According to a statement made by the social media powerhouse, these new changes will make it easier for users to flag hoax news stories they find in their news feeds. Plans to work with third party sites in order to better determine the credibility of content were also announced, citing well known websites such as Snopes.com, ABC News and the Associated Press as likely partners.
Articles that have been flagged and then assessed to be inaccurate will receive a “disputed” tag and may appear lower in the news feeds of other users. They will then pair the article with a link describing the reasons the content has been deemed false. Facebook stated that once a link has been flagged as “disputed” it can no longer be promoted through Facebook’s paid promotions algorithm, dramatically reducing its potential social media reach.
“We believe in giving people a voice and that we cannot become arbiters of truth ourselves, so we’re approaching this problem carefully,” Facebook leadership said via a news release.
Currently, forty-three organizations have signed up to serve as third-party fact checkers to help assess the credibility of flagged news stories. Each of these organizations have been asked to sign a “code of principles” that requires political objectivity, transparency of sources, and a commitment to open and honest assessments of the content that is flagged.

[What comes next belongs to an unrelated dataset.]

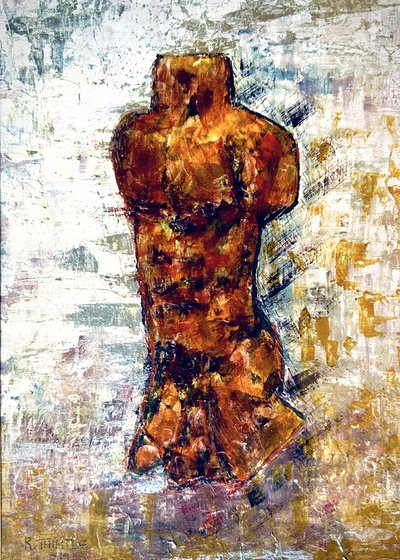 Skulpturaler Männlicher Torso von Robert Thirtle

While many on the left fault Facebook and other sites for allowing fake news to affect the voting populous, Facebook came under fire earlier in the year for intentionally censoring or suppressing real news stories in an effort to stifle conservative politics on the platform. Facebook denied any political bias in their methodology, but switched to an algorithm based trending news system rather than having individual, and potentially biased, human beings choose which stories to feature on the right hand side of user’s dashboards.
“We take allegations of bias very seriously. Facebook is a platform for people and perspectives from across the political spectrum. Trending Topics shows you the popular topics and hashtags that are being talked about on Facebook,” the company told USA Today at the time. Their choice to do away with human editors, though, could be seen as an admission that it is feasible for people to allow their biases to effect how they assess new stories as valid and worthy of public attention. Facebook’s new strategy calls for bringing the human element back into the system, but outsourcing that element to third party sites so the platform itself can avoid claiming responsibility for the determinations made about the credibility of stories and topics.
At risk of sounding alarmist, these new tools may not usher in a new golden age in news. These tools and others like them could easily be abused by large news distributors like the aforementioned ABC. All major news stories are currently funneled through a handful of large distributors in the United States. These distributors are often collectively referred to as “the main stream media” and they are no longer seen as the noble trenchcoat wearing journalists we imagine from yesteryear.
ABC News is owned by Disney, whose CEO publicly campaigned for Hillary Clinton. CNN is also owned by a large company (Time Warner) that donated millions to the Clinton campaign. On the opposite end of the spectrum, Fox News can hardly be considered objective and without bias either – leaving this writer for a small, internet based news site to wonder, by who’s standard are we to be graded? If the content SOFREP’s team of writers produce isn’t in keeping with the mainstream perspective, will that earn us the ire of Facebook’s new filtering method? Should we expect to be assessed objectively by third party sites that pay their bills by competing for clicks just like we do? Asking ABC, CNN or any other news site that runs off of advertising revenue to determine the credibility of considerably smaller sites in the eyes of social media users is akin to asking Microsoft to tell us which tech company can give us the best software.
I’m not suggesting that nothing should be done. Facebook’s new method clearly needs some refining, and in time, it might be extremely effective in rooting out some of the click-bait garbage we all hate seeing in our News feeds. It just seems worth noting that the current plan is effectively going back to the old one: having people decide what news is real and how far it can spread.
And anytime we hand that kind of power to anyone, I’m going to be critical.
As I’ve mentioned so many times on this site before, I’m wrong a lot. Here’s hoping I’m wrong about this too, because I sure would hate to see a digital news world populated only by Bill O’reilly and Rachel Maddow, supported by a system that encourages us to believe their work is more reliable than the rest. If the cost of open and available news is sifting through the fake stuff, I’d prefer that over the little guy getting censored out of business.